### [Caption-style text data]
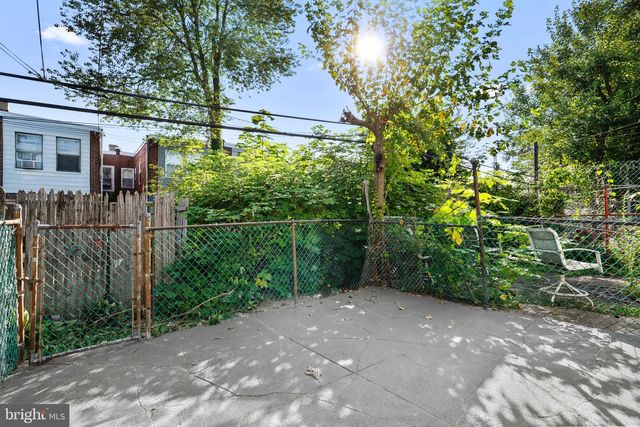 2113 S SIMPSON ST, Philadelphia, PA 19142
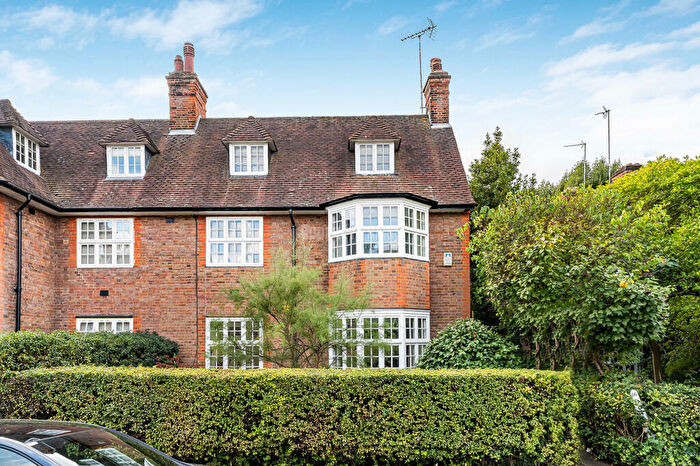 4 Bedroom Semi-Detached House For Sale In Corringham Road, Hampstead Garden Suburb, NW11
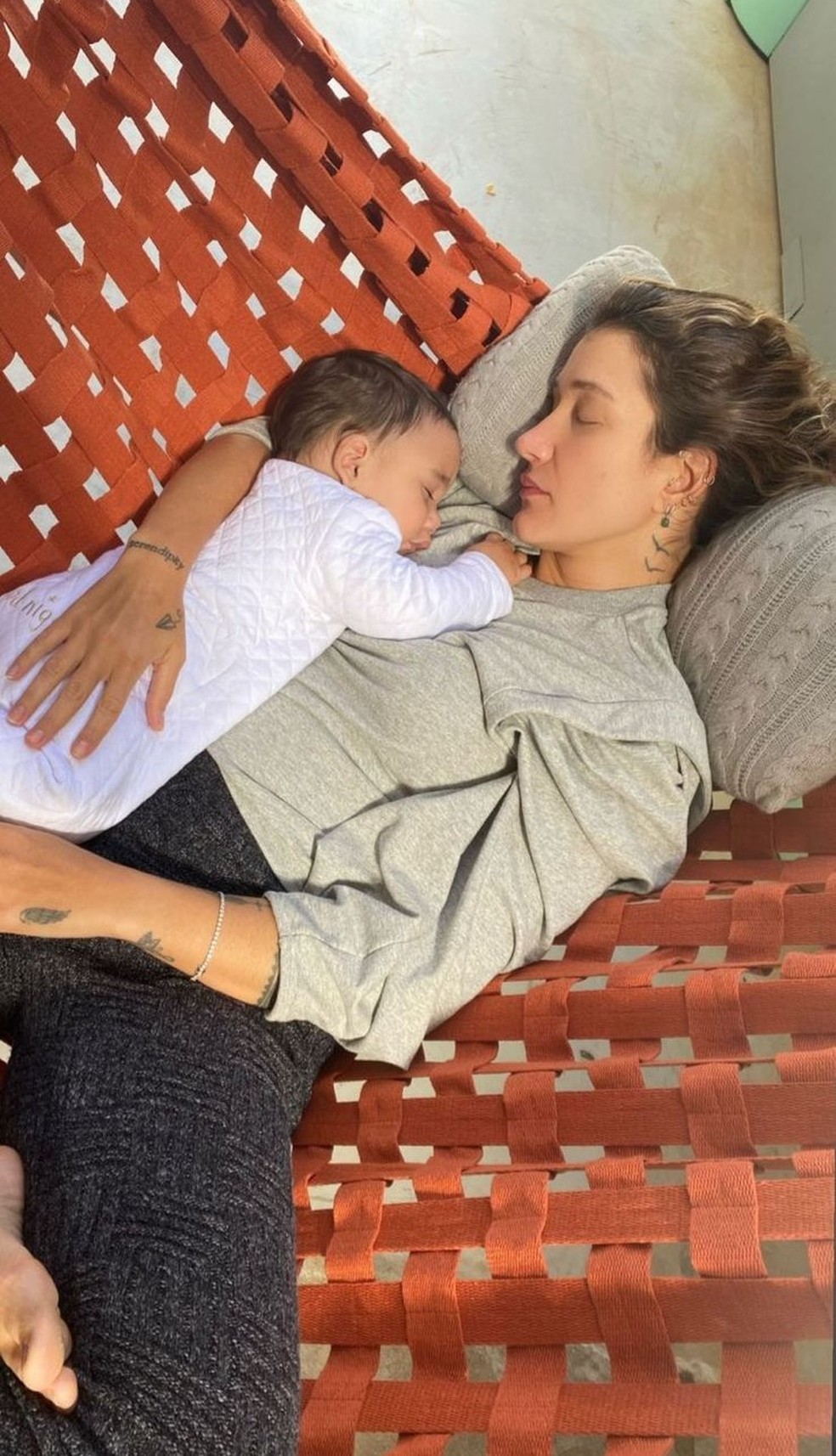 Gabriela Pugliesi e filho Lion — Foto: Reprodução/Instagram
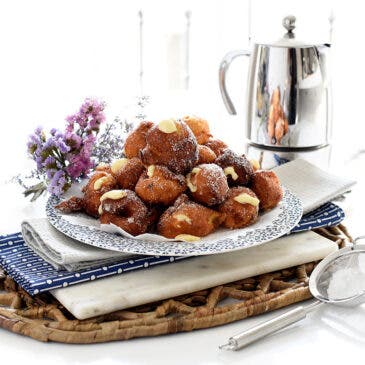 Buñuelos de viento rellenos de crema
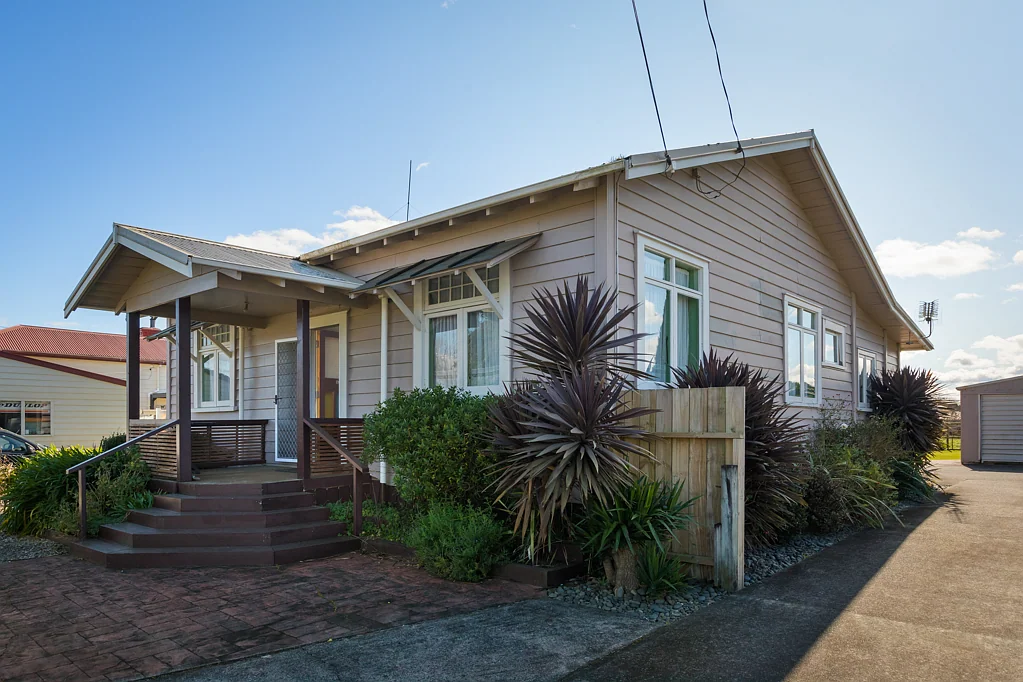 Paeroa 3Moenga Charm-Packed with Modern Touches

### [Exercise brief]
Nothing but the lines from the line containing "Gabriela Pugliesi e" through the end of the records belongs in the answer, written out exactly, both ends included, without pictures.

### [Response to this task]
 Gabriela Pugliesi e filho Lion — Foto: Reprodução/Instagram
 Buñuelos de viento rellenos de crema
 Paeroa 3Moenga Charm-Packed with Modern Touches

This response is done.